Outras passagens das temporadas anteriores de Cidade dos Homens serão relembradas ao longo dos dois próximos episódios da atual safra, e apenas o último terá uma história totalmente inédita. Mas, mesmo sendo uma reprise requentada, a nova temporada de Cidade dos Homens mostra-se uma ótima atração, já que traz de volta dois personagens emblemáticos, passados mais de dez anos da conclusão da série original. Com isso, dá a chance ao público de reencontrar duas figuras já velhas conhecidas, tendo a oportunidade de mostrar onde a vida os levou.
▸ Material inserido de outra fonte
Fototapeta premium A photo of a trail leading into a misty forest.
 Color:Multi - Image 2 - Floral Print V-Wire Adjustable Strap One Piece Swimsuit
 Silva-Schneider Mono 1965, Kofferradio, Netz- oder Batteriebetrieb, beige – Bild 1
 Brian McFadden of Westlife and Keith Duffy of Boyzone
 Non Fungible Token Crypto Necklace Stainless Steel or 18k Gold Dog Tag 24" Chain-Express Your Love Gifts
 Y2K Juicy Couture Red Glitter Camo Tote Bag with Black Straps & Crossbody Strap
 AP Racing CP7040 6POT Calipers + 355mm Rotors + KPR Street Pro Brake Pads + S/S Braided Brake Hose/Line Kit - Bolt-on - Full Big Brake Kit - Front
E o repeteco que embala este encontro ajuda a audiência a relembrar, afinal lá se vão 12 anos, e ainda pode ajudar um espectador novo a se situar. Além disso, toda a trama original que emoldura tais flashbacks mantém intacta a qualidade de roteiro, direção e atuações, uma marca da produção.

Ao que tudo indica, a onda de relembrar séries originais passados tantos anos após suas conclusões é uma tendência mundial. Nos EUA, por exemplo, clássicos como Full House (Três É Demais) e Gilmore Girls (ou Tal Mãe Tal Filha) ganharam temporadas novas anos depois de seus términos, mostrando ao público como estão hoje personagens antológicos. Arquivo X e Heroes foram outras séries que ganharam sobrevida anos depois, e logo deve estrear também uma nova temporada da clássica Twin Peaks. O Brasil não tem um histórico de séries tão marcantes a ponto de suas retomadas causarem tanto frisson, mas não é impossível que alguns revivals aconteçam. Antes de Cidade dos Homens, o público brasileiro já teve a chance de reencontrar a turma do Arouche numa safra temporã de quatro episódios do Sai de Baixo, parceria entre Viva e Globo. Se a moda realmente pegar, quem sabe logo ressurgem Juba e Lula em nova Armação Ilimitada, ou Rui e Vani já casados numa nova temporada de Os Normais?